Other issues include the approximate 35-40 students — almost 10 per grade — with chronic attendance issues. Rawlinson says, rather than treating apathy with apathy staff focuses on talking with the students and finding out what the school can do to make them want to attend classes.

Staffing and staff support is another challenge. “(Having) the right people in the right seat,” explained Rawlinson.

Teachers need enough professional development days in order to collaborate teaching methods as well as learn how to handle the variety of student issues and teach through those issues to make the students successful in an individual basis.

Rawlinson said 72 per cent of the Grade 7 students, who newly attend the school this year, have literacy skills below grade level; 35 per cent are at a Kindergarten to Grade 3 reading level and 37 per cent are at a Grade 4 to 5 reading level. He mentioned 27 per cent of Grade 8 students also read at a Kindergarten to Grade 3 level.

Also, 100 per cent of the school’s First Nations students, which is 30 per cent of the total population, are reading at least two levels below grade level.

First Nation student competition rates within the school are also above provincial level, yet only one in five of those students attending PSC will graduate. The province runs at a 10 per cent dropout rate for First Nation students and PSC is closer to 1 per cent. “I can’t be more proud of that.
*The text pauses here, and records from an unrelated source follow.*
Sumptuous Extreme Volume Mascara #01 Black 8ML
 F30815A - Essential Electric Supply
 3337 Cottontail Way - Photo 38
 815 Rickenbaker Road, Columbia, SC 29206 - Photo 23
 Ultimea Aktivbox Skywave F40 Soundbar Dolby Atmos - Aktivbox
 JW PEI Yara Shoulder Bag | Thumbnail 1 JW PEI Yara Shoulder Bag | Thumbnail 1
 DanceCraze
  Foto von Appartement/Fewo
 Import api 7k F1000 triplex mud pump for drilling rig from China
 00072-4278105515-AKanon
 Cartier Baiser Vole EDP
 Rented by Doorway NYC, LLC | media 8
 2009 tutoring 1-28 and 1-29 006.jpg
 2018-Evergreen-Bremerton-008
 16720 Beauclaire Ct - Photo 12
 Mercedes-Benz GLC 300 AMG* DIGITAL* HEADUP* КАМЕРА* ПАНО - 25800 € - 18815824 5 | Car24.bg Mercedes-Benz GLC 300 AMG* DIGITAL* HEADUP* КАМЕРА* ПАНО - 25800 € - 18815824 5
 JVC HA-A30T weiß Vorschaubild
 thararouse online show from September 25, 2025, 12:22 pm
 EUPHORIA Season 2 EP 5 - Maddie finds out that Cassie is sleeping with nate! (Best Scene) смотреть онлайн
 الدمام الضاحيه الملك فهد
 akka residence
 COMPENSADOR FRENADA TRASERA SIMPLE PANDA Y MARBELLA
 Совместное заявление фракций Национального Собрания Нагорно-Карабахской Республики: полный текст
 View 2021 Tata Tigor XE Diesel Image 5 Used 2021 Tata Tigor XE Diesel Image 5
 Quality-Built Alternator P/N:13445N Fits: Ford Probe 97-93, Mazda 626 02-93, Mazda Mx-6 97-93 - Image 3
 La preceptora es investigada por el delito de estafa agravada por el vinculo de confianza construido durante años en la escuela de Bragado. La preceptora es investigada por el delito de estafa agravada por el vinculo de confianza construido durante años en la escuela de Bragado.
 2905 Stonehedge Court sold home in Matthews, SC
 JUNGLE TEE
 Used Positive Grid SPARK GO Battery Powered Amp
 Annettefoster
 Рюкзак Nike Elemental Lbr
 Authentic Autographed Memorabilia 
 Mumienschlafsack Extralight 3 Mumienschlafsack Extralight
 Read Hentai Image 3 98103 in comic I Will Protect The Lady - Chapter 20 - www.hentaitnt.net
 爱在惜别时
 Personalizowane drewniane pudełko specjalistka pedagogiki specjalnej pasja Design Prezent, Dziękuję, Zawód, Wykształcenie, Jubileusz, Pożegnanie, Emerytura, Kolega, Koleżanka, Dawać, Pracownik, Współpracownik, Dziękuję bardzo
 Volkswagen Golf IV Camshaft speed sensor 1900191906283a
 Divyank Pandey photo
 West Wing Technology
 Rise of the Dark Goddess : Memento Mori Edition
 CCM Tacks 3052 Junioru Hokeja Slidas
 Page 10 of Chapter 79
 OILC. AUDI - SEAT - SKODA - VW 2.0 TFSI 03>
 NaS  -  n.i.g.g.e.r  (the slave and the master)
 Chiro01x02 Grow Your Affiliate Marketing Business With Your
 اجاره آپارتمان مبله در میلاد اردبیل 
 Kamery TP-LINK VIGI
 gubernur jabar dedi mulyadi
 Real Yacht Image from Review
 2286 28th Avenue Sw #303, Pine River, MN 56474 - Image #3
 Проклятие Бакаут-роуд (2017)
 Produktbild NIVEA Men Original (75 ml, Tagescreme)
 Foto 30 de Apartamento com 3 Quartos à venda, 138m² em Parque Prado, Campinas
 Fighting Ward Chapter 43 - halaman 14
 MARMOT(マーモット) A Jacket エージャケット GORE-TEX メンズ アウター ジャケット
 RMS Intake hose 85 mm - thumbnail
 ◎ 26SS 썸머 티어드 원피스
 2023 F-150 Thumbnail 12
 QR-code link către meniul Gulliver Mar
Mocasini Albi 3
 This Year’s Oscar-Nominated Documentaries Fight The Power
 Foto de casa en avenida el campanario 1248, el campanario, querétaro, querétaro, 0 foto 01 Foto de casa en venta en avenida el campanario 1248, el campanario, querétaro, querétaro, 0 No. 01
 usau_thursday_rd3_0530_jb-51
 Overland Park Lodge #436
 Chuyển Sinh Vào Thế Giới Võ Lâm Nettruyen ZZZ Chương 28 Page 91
If these students stand a hope in hell they need a high school diploma,” said Rawlinson.

Rawlinson is also concerned with the school’s PAT results. “Our level of excellence is dismal.”

He added the students with high reaching capabilities don’t continue to grow. “And we thought our AP courses would do that.”

Combative strategies designed to increase results include focusing cross-curriculum teaching and giving the students more time between classes, more time to take charge of their own educations, rather than herding them from class to class like cattle.

Although giving the students more free time was a concern of many, they feared students would become rowdy, fight smoke more, Rawlinson says there was only one fight to note and bullying in the school is going down.

The school year also began with a literacy and numeracy boot camp to assess all students.

“At the end of the day, we’re winning . . . we’re going to get through this,” said Rawlinson.

The biggest tactics the school is using to contest all these issues are flexibility, curriculum redesign, pyramids of intervention, and inclusive learning and 21st Century learning. “We do have a lot to celebrate at our school,” said Rawlinson.